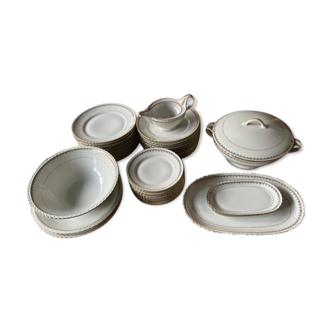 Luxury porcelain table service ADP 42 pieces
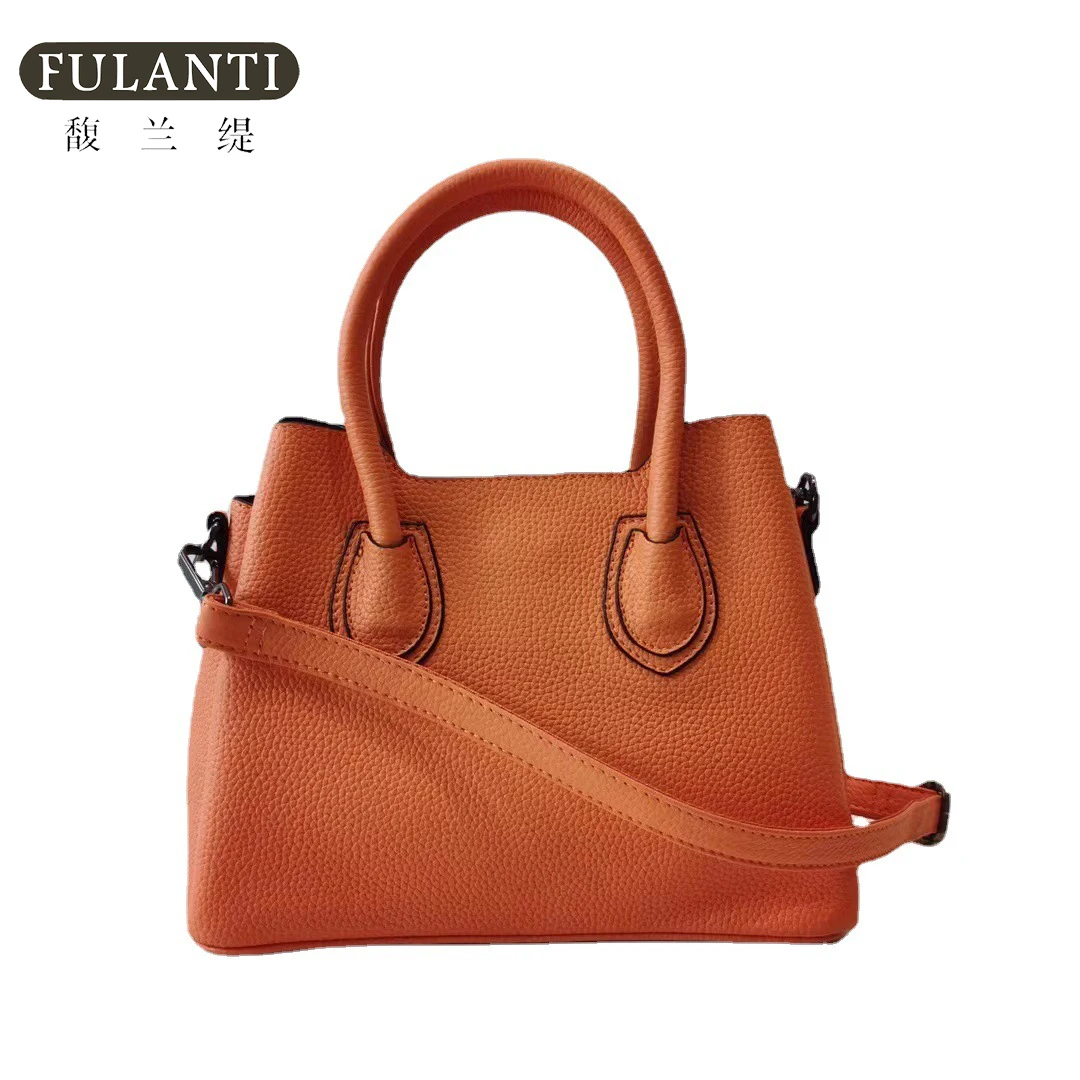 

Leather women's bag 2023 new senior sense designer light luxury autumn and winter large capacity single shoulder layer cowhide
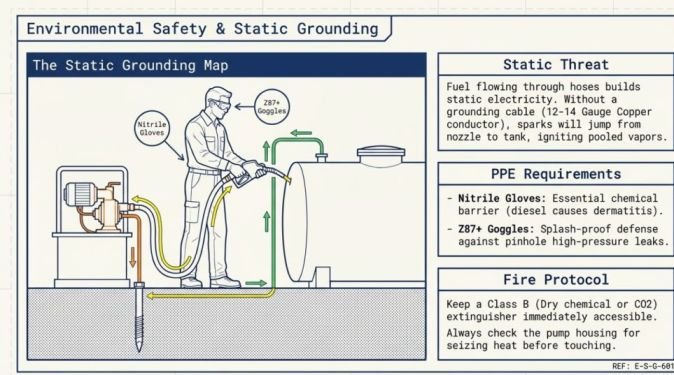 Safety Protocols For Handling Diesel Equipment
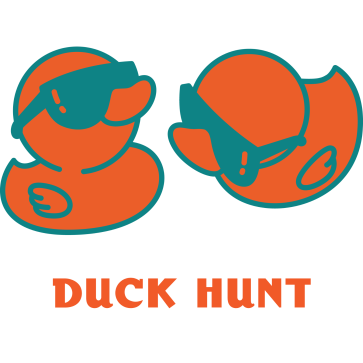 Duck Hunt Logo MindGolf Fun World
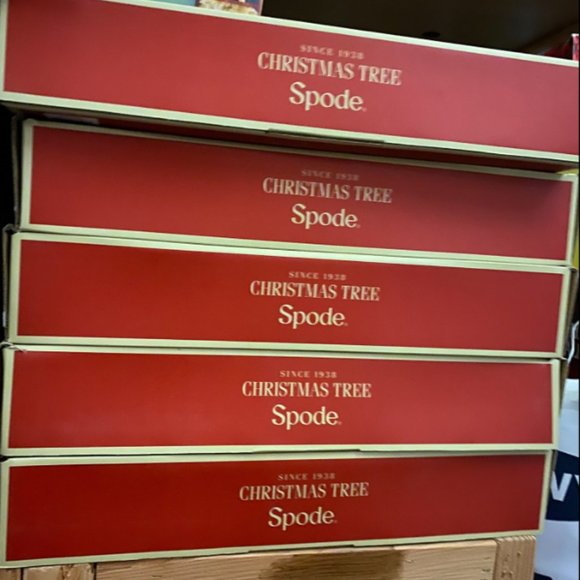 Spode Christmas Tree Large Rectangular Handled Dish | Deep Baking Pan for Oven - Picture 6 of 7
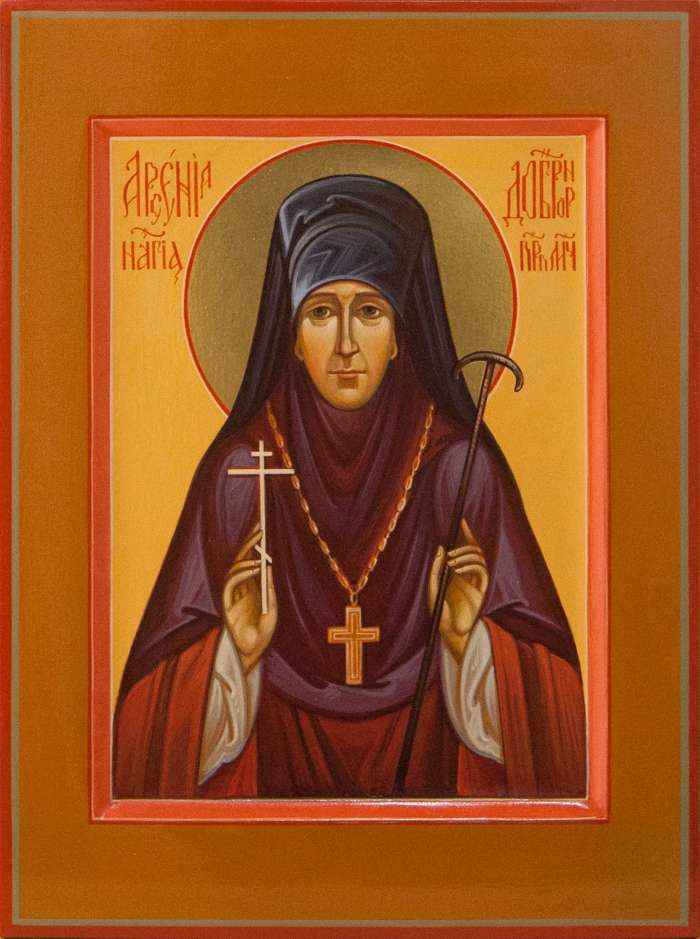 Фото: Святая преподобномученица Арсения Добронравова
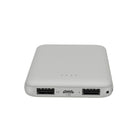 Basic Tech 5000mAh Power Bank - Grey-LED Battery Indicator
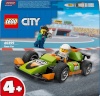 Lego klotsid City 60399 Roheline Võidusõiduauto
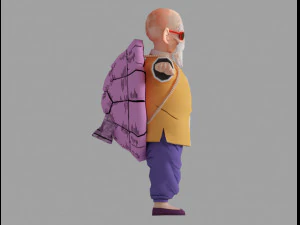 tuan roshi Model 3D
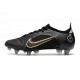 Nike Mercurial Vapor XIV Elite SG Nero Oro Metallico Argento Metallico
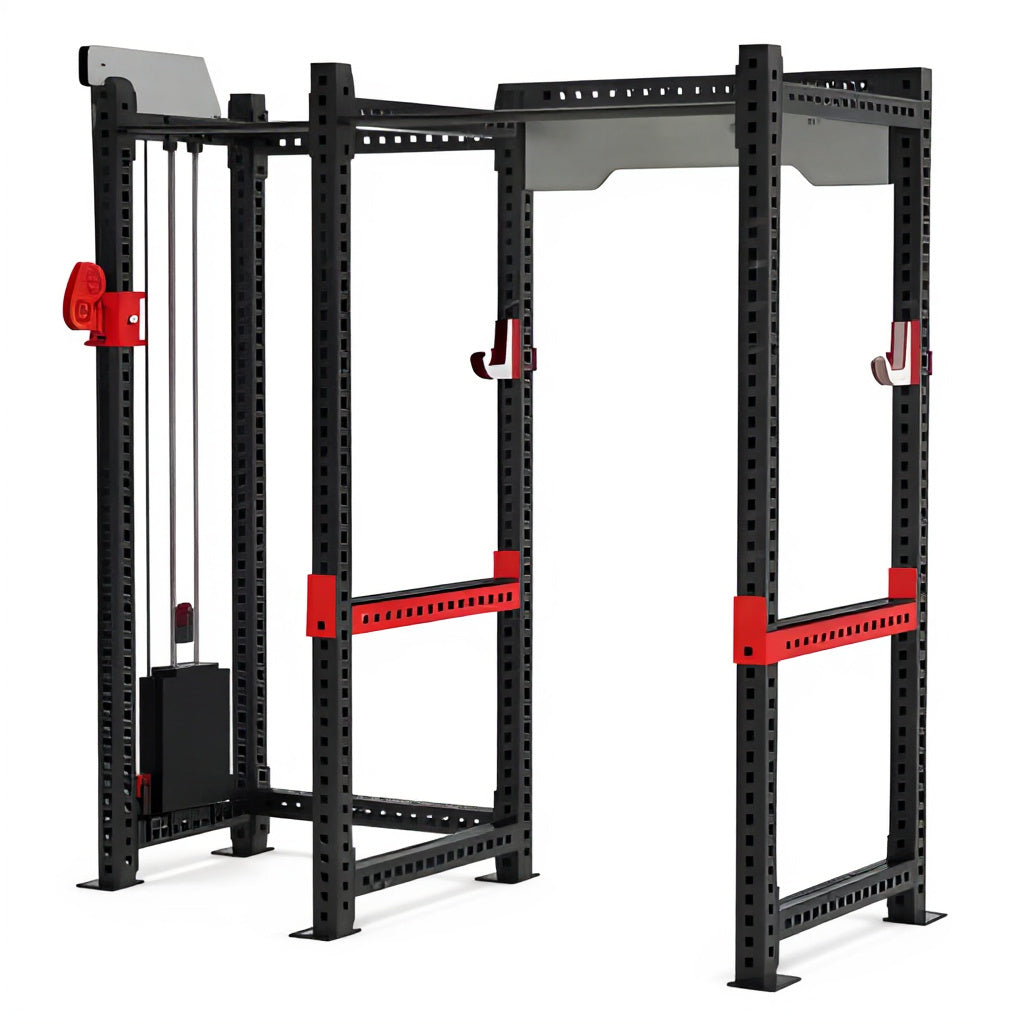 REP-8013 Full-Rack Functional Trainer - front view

::::::

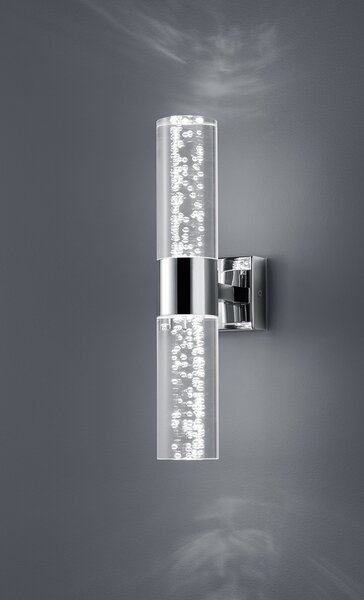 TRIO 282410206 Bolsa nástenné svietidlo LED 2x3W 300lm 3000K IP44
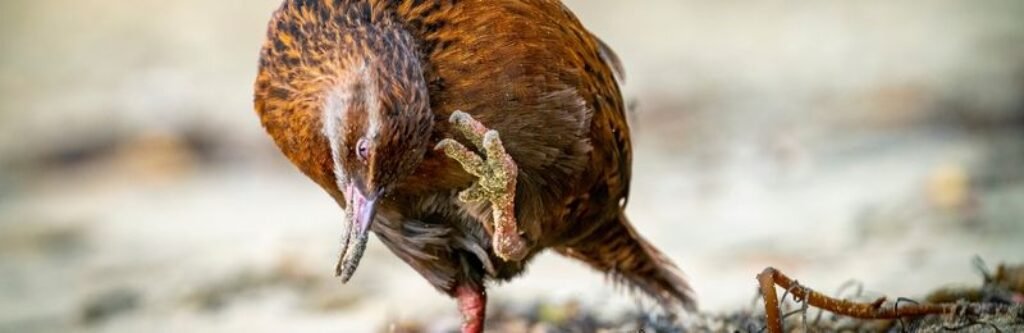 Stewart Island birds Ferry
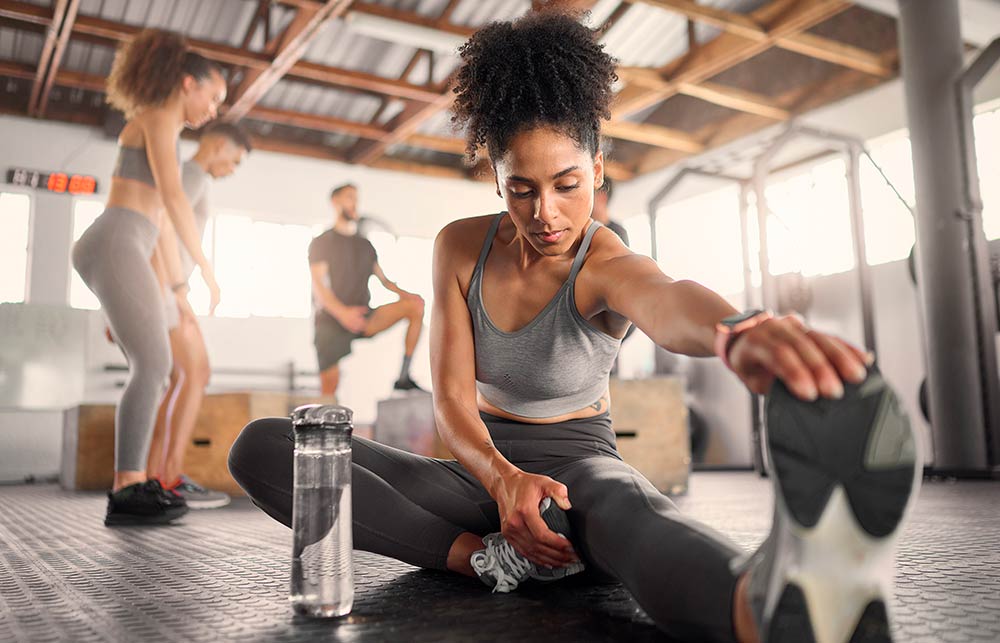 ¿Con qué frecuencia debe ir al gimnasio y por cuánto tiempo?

::::::

> _YOUR ASSIGNMENT_
Using the entries above, repeat exactly the lines from the one with "Luxury porcelain table service ADP 42 pieces" to the one with "tuan roshi Model 3D", both included, and leave the pictures behind.

> _TASK RESULT_
 Luxury porcelain table service ADP 42 pieces

Leather women's bag 2023 new senior sense designer light luxury autumn and winter large capacity single shoulder layer cowhide
 Safety Protocols For Handling Diesel Equipment
 Duck Hunt Logo MindGolf Fun World
 Spode Christmas Tree Large Rectangular Handled Dish | Deep Baking Pan for Oven - Picture 6 of 7
 Фото: Святая преподобномученица Арсения Добронравова
 Basic Tech 5000mAh Power Bank - Grey-LED Battery Indicator
 Lego klotsid City 60399 Roheline Võidusõiduauto
 tuan roshi Model 3D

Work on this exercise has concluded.